When the lawn area has adequate soil drainage and a relatively smooth contour and/or grade, renovation can correct unfavorable conditions, such as: 1) Sparse and uneven stand of desirable lawn grasses, 2) Infestation of undesirable broadleaf and grassy weeds, 3) Improper soil pH, 4) Low fertility, 5) Minor discrepancies in grade, 6) Soil surface compaction, 7) Excessive thatch accumulation, and 8) General neglect.

When considering improvement of a lawn area, specific renovation procedures are determined by:

  1. Identifying the factor or factors which contributed to a failure of the lawn. If corrective steps are not taken, the net result may be an exercise in futility.
  2. Evaluating the condition of the lawn in question to determine the most effective procedure.

Specific steps for renovating should be based on the condition of the lawn and problems needing attention. Four major categories of renovation are:

  1. More than 30 percent desirable lawn grasses present.
  2. Less than 30 percent desirable lawn grasses present and less than 1-inch of thatch.
  3. Less than 30 percent desirable lawn grasses present and more than 1-inch of thatch.
  4. Difficult to control undesirable perennial grasses infest the lawn.

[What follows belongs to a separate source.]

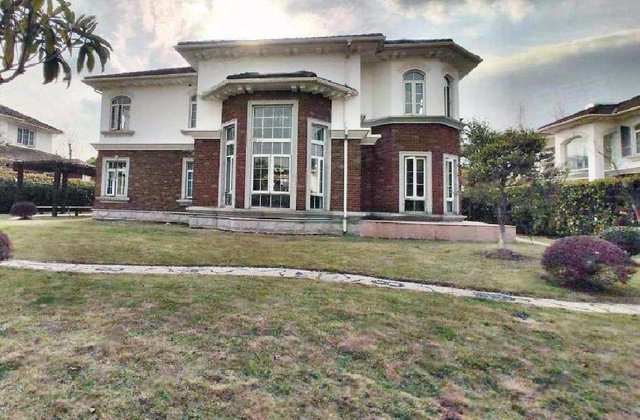 闵行莘庄工业区中春路3455弄南郊别墅(别墅)2009年建造共3层南北363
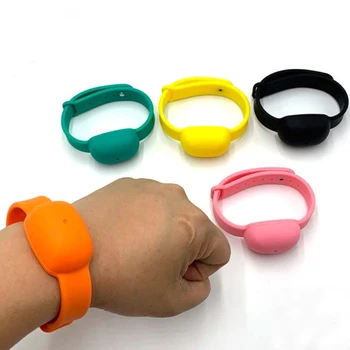 

Silicone Liquid Soap Holder Bracelet Disinfection Hygiene Hand Strap Sanitizer Dispenser Wristband w/Bottle for Hands Cleaning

Specific steps are outlined below.

A. More than 30 percent desirable lawn grasses are present:

  1. Submit a representative sample of soil for determination of soil pH and nutrient status.
  2. Apply an herbicide if necessary to control any broadleaf weeds, based upon the specific weed problem. 2,4-D alone is effective with dandelions, buckhorn and broadleaf plantains, and annual chickweed. For a wide variety of broadleaf weeds, combine herbicides for broad spectrum control, such as 2,4-D with Banvel*, MCPP, or 2,4-DP. Apply the selected herbicide at least 2 weeks before the seeding date and strictly follow the directions and precautions on the container.
  3. Mow closely - set the mower at 3/4 to 1 inch.
  4. Fill small isolated depressions in grade with high quality topsoil.
  5. Apply lime based on a soil test.
  6. Spread fertilizer based on a soil test. Nitrogen should be applied at 1 pound per 1000 square feet.
  7. Dethatch (verti-groove) and/or core aerify with a machine specifically developed for this purpose. Adjust the rotating blades to penetrate completely through the thatch layer and at least 1/2 inch into the soil. Aerifying equipment should also penetrate through the thatch layer and 1 to 3 inches into the soil. Coring holes should have a maximum spacing of 3 inches.
  8. Seed with a high-quality turfgrass mixture adapted to the intended use and expected level of maintenance.
  9. Drag the area with a steel door mat or a piece of cyclone fence when loose thatch material on the surface is relatively dry. Rake excessive thatch from the surface.
  10. Water thoroughly. Light frequent watering (daily) may be continued to hasten germination and establishment of newly seeded lawn grasses.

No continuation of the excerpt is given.